[Brief descriptive captions]
↓↓↓

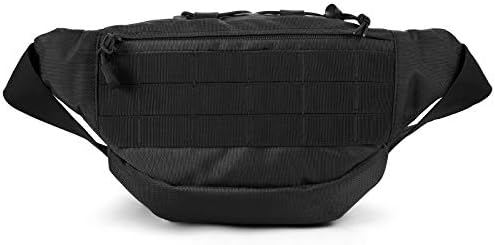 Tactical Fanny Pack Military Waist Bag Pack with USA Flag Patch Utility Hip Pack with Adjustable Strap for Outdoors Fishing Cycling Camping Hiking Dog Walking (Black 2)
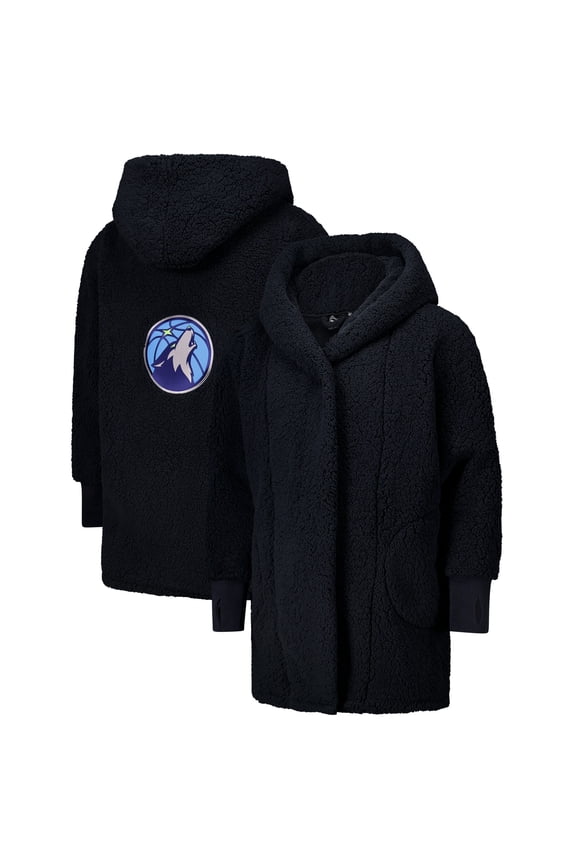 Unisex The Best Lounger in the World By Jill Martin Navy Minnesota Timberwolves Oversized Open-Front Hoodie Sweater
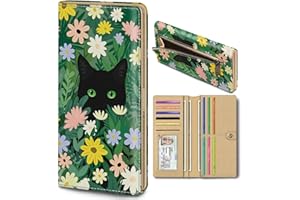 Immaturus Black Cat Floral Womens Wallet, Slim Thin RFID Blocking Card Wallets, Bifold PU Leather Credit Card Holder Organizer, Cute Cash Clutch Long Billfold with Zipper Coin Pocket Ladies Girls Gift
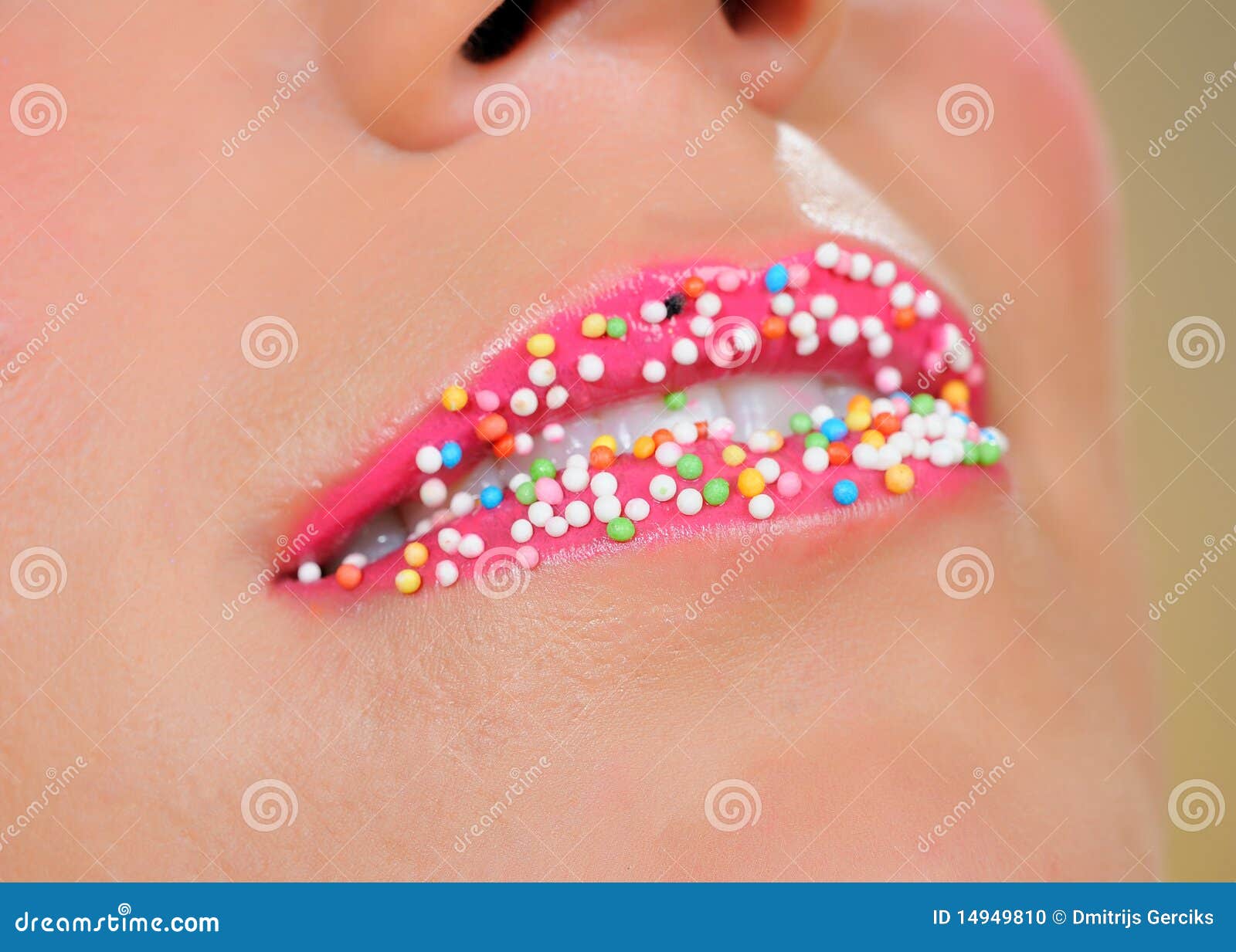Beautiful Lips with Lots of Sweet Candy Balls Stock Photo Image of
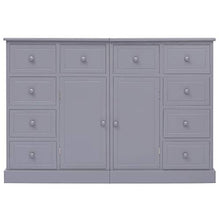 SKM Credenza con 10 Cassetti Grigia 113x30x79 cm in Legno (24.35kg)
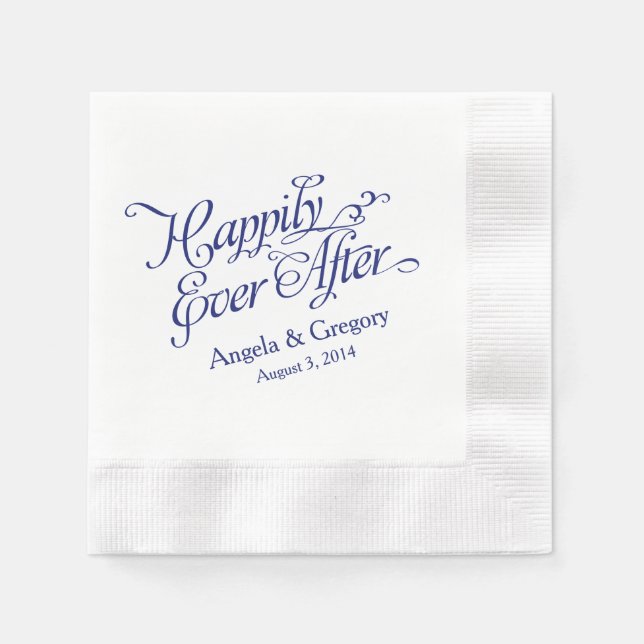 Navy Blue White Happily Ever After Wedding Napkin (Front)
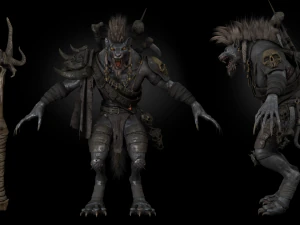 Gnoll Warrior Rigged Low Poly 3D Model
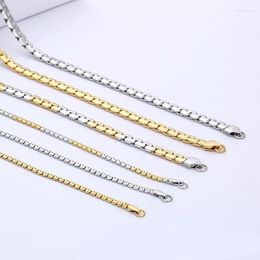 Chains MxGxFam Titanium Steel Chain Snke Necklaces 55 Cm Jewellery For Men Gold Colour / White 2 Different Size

↑↑↑

## YOUR TASK
In the answer, the lines from the one containing "Gnoll Warrior Rigged Low Poly 3D Model" to the end of the records above must be written out exactly, both ends included; the pictures must not appear.

## COMPLETED EXERCISE
 Gnoll Warrior Rigged Low Poly 3D Model
 Chains MxGxFam Titanium Steel Chain Snke Necklaces 55 Cm Jewellery For Men Gold Colour / White 2 Different Size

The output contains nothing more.